Appellant claims that he was convicted of murder in the first degree only because the homicide was committed in the perpetration of a robbery of the deceased as prescribed by Code, Art. 27, § 410.[2] For the purpose of decision we accept this premise. He then argues that since proof of the robbery was a necessary element in the proof of the murder in the first degree, upon conviction of murder in the first degree, the crime of robbery of the deceased merged therein. Thus, he urges, he cannot again be tried for that robbery, for by so doing he would be placed twice in jeopardy for the same offense. Parker v. State, 7 Md. App. 167 is dispositive of the question. Parker was convicted of murder in the first degree and the robbery of the deceased with a deadly weapon. It appeared that the finding of murder in the first degree was *316 only by application of the felony murder statute. Parker contended, as appellant here contends, that upon his conviction of murder in the first degree the charge of robbery with a deadly weapon merged therein. We declined to vacate the robbery conviction. We held that the doctrine of merger was not applicable because murder and robbery are separate and distinct offenses. We said, at p. 199:
"Murder is homicide committed with malice aforethought, * * *; it is malice which distinguishes murder from manslaughter. * * *. As `murder in the first degree' is not a crime as such but merely a classification of murder, that the status of a first degree classification may be attained by proof that the murder was committed during the perpetration of a robbery, does not make robbery an essential element of murder and it follows that murder does not necessarily involve robbery. Nor do murder and robbery arise from the same act; the act of taking property from a person by means of force and fear is separate and distinct from the act of firing shots that kill him, even though each is a part of one general transaction and even though evidence as to the robbery is admissible as to the murder." (citations omitted)
We find that appellant was not placed in jeopardy at the murder trial for the crime of robbery of the murder victim.
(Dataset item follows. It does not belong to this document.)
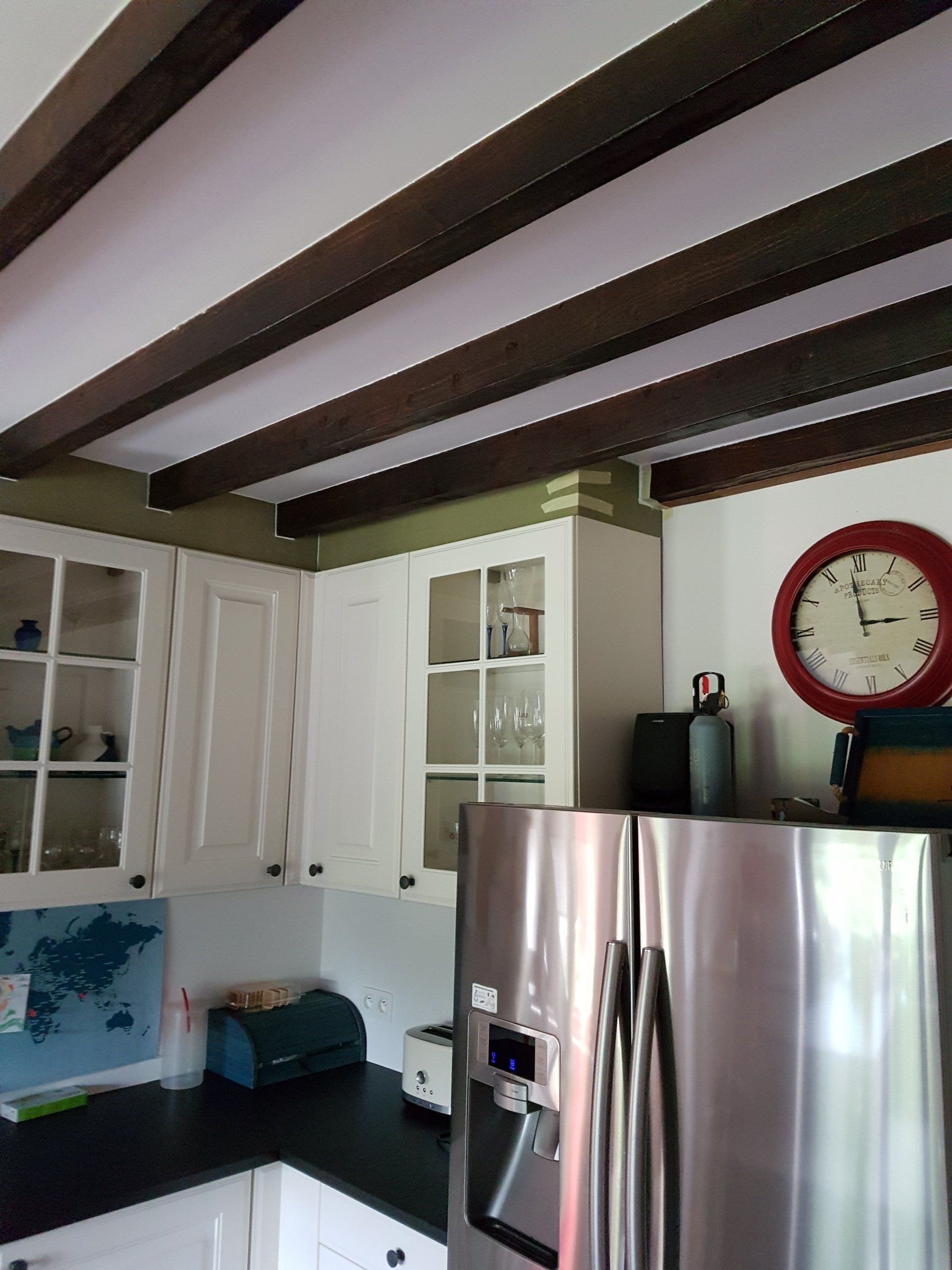 Keuken met witte kasten, een roestvrijstalen koelkast, een rode klok en donkere houten balken aan het plafond.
Therefore he may be tried for the armed robbery of the murder victim and offenses related thereto as charged in indictment 6109. We hold there was no error in the denial of the motion to dismiss indictment 6109.
As to indictment 6108: Appeal dismissed.
As to indictment 6109: Order denying motion to dismiss affirmed.
NOTES
[1] Appellant made no objection to trial proceeding only on indictment 6107 nor did he request the indictments be consolidated for trial. See Rule 734; Stevenson and Borum v. State, 9 Md. App. 152 (1970). Appellant's suggestion of removal went only to indictment 6107.
[2] We have held that robbery with a deadly weapon, proscribed by Code, Art. 27, § 488 does not create a new substantive crime of "robbery with a deadly weapon" but merely provides a penalty for the crime of robbery more severe when the robbery is committed with a dangerous and deadly weapon than when it is not. Darby v. State, 3 Md. App. 407, 412-414. Thus robbery with a deadly weapon is within § 410.